The Truth About Sustainability

“Beware of little expenses. A small leak will sink a great ship.” – Benjamin Franklin

Throughout my career, the term “sustainability” has become a buzz word to denote fancy, costly, and high visibility renewable energy projects. Whenever I am approached, people start talking about solar photovoltaic panels (fancy, costly, high visibility), and I respond, “Have you minimized all your waste to the point that an investment in solar panels gives you your greatest returns?” Invariably, the answer is no. While many people are well intended, they often overlook simple sustainability measures that are not fancy, costly, or high visibility, and are often mundane. Most energy and water savings I have implemented are actually very simple and low cost. But why are they often overlooked? Because people and organizations often lack the systems to identify where they may be wasting energy, water, or other natural resources.

This requires data collection over many years including modifications to systems, buildings, and operations, organizing it, and creating a tool to visualize the data to be able to act on it.

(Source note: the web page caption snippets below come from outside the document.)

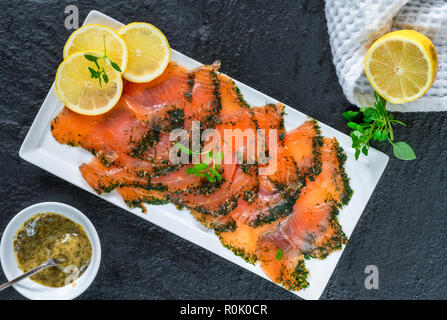 Gefarmte - Nordic Teller dünn geschnittener roher Lachs in Salz, Zucker und Dill geheilt und mit Dill und Senfsauce - Ansicht von oben begleitet Stockfoto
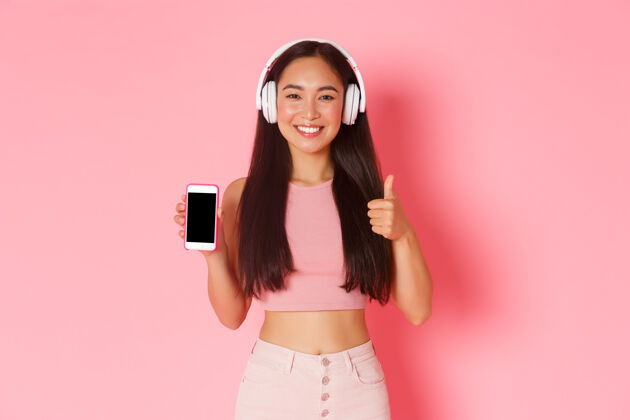 智能手机一个戴着耳机听音乐的富有表情的年轻女子黑发播客耳机
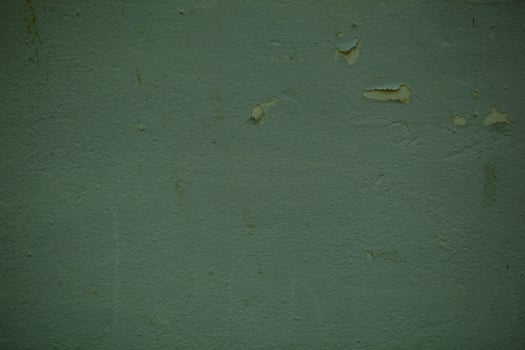 Green wall background texture with flaky paint photo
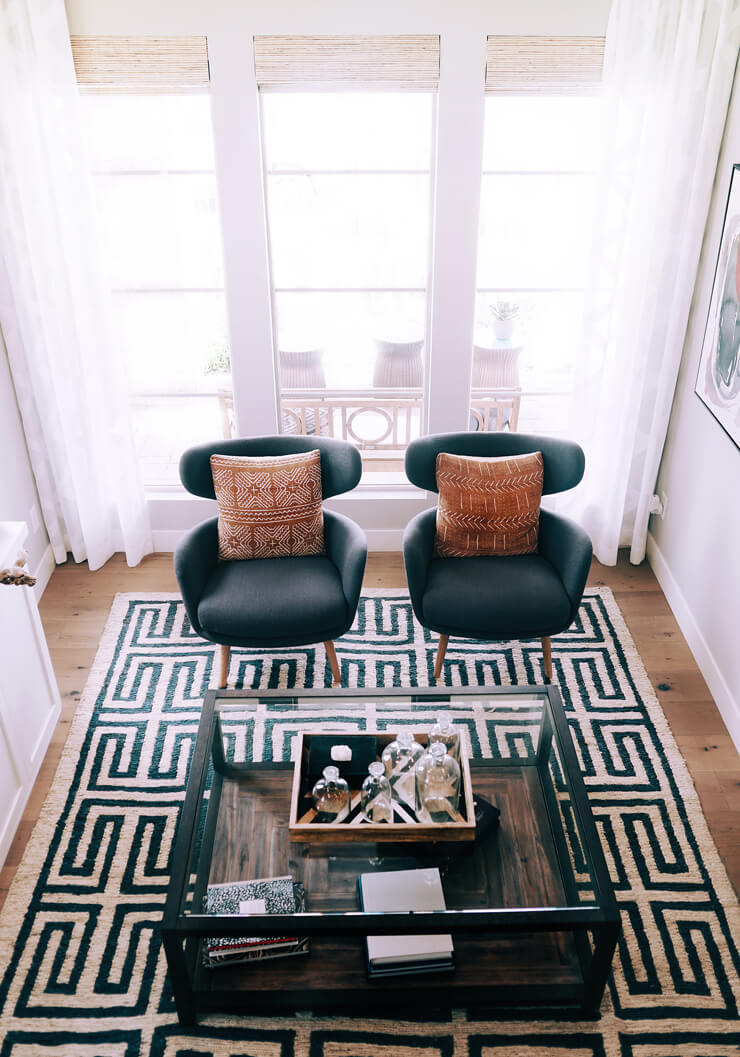 dark green and white patterned rug in cool lounge with two grey chairs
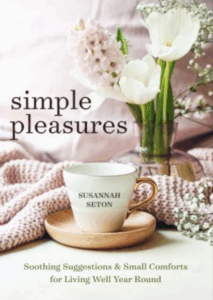 Front cover of Simple Pleasures: a photo of a white teacup, a throw blanket, and flowers
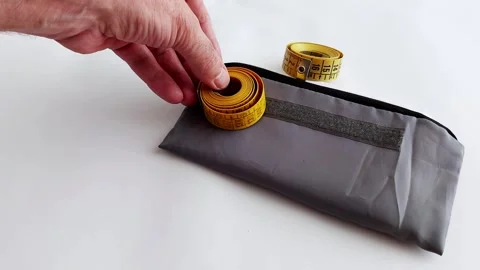 Smart Storage for Measuring Tapes: Quick Easy Method Video stock 313117338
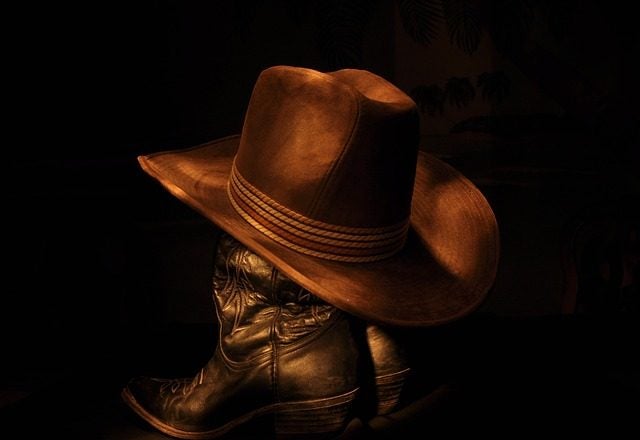 The Cowboys Logo Is Depicted On A Leather Cowboy Hat Background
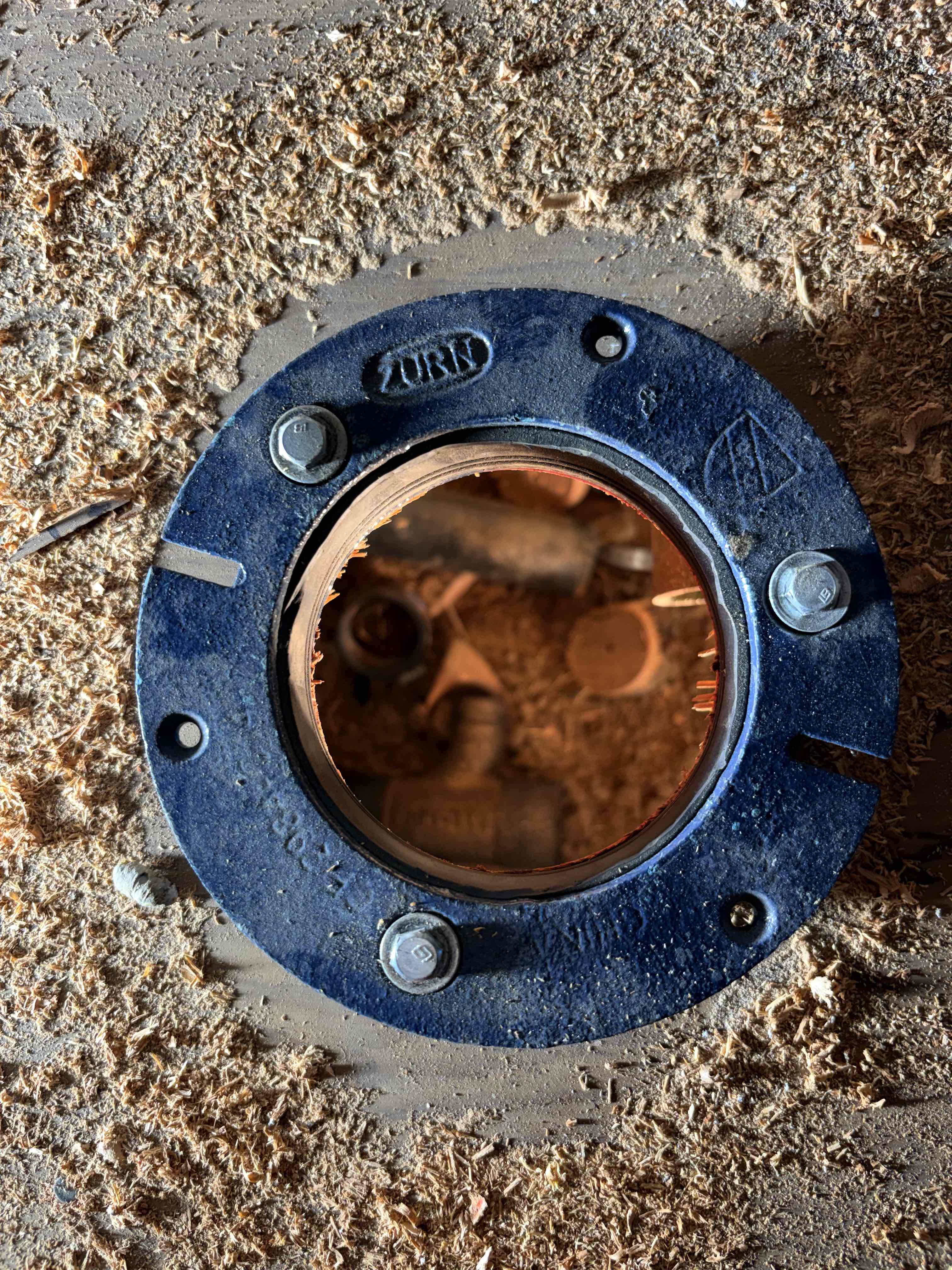 A modern bathroom featuring a glass-enclosed walk-in shower with rain showerhead on the left, a streamlined white toilet centered under a window, and a floating wooden-topped vanity with two vessel sinks and chrome faucets on the right.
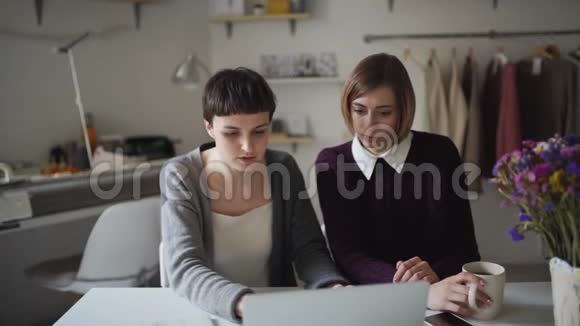 两个女商人正在做背景挂衣服的笔记本视频的预览图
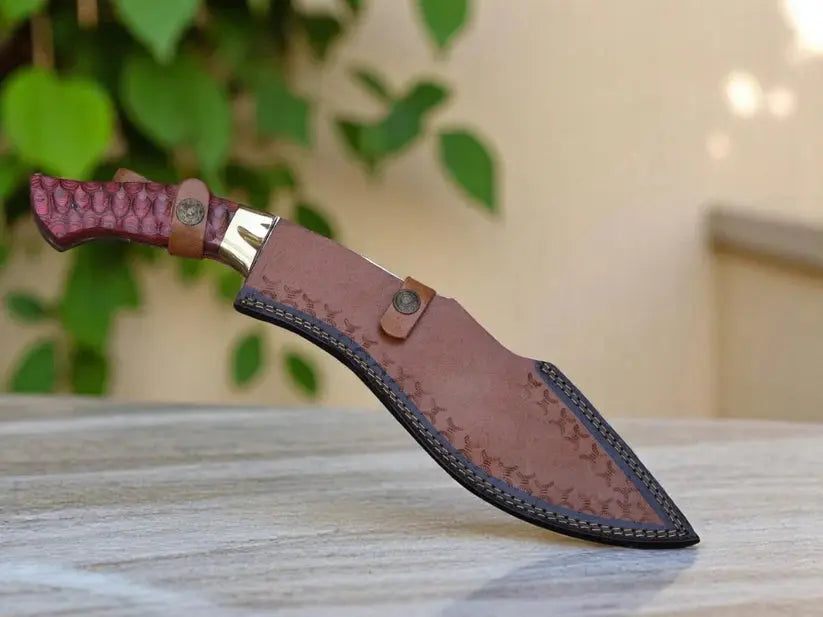 A fixed-blade knife with a textured reddish-brown handle and a brown leather sheath, resting on a light wooden surface with a blurred background of green leaves and a beige wall.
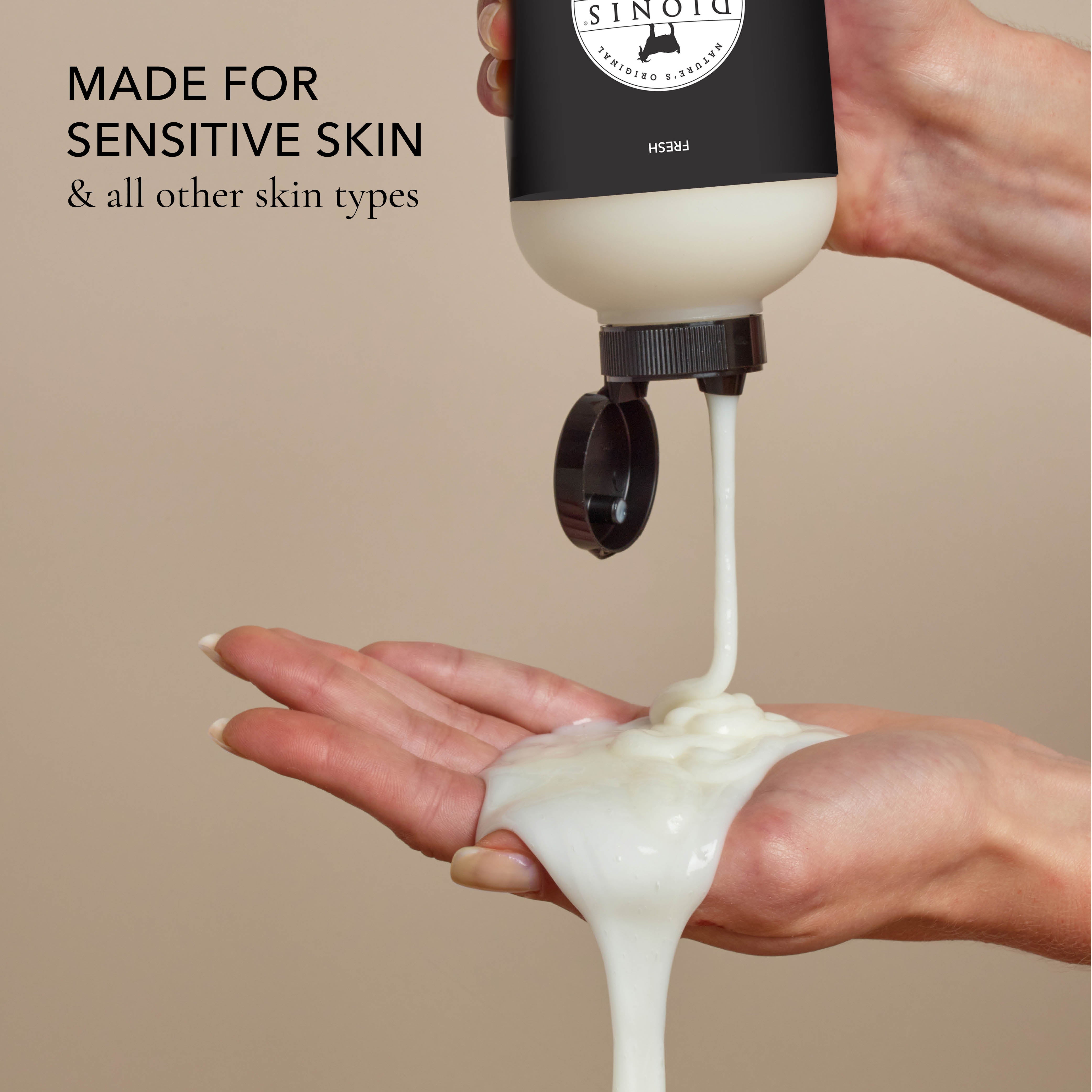 Hand holding a bottle of the body wash and squeezing it out into the other hand, with the text that says "made for sensitive skin & all other skin types", all on a beige background.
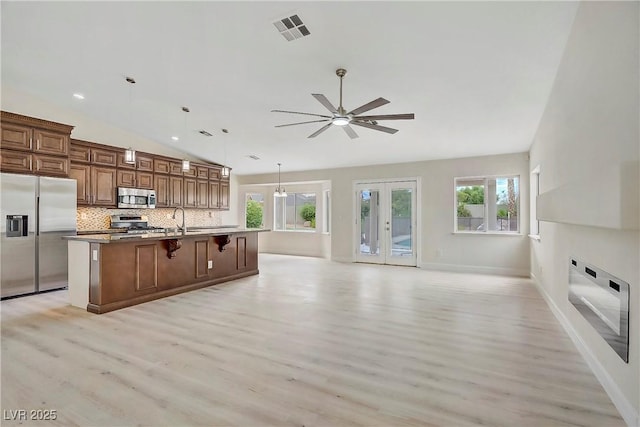 6125 Resort Ridge St, Las Vegas, NV 89130 - kitchen with appliances with stainless steel finishes, vaulted ceiling, ceiling fan, light wood-type flooring, and open floor plan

While it takes time upfront to implement a system, the long-term savings from identifying waste and taking corrective measures is the greatest tool in the sustainability toolkit in my opinion. With such a tool, I have identified water leaks wasting millions of gallons and hundreds of thousands of dollars per year for example. Without such a tool, the leaks would have continued undetected. Repairing a leak is a mundane everyday task that is very low cost and not high visibility, except in the water and cost savings associated with it.

This was my motivation to create Aletheia Analytica. Too often in the sustainability world, people get carried away with buzz words, fancy technology, and high visibility items, without looking into the data to see the story it is telling. By collecting and analyzing the data, we can tell the story of past consumption and take corrective actions in the present to shape the future.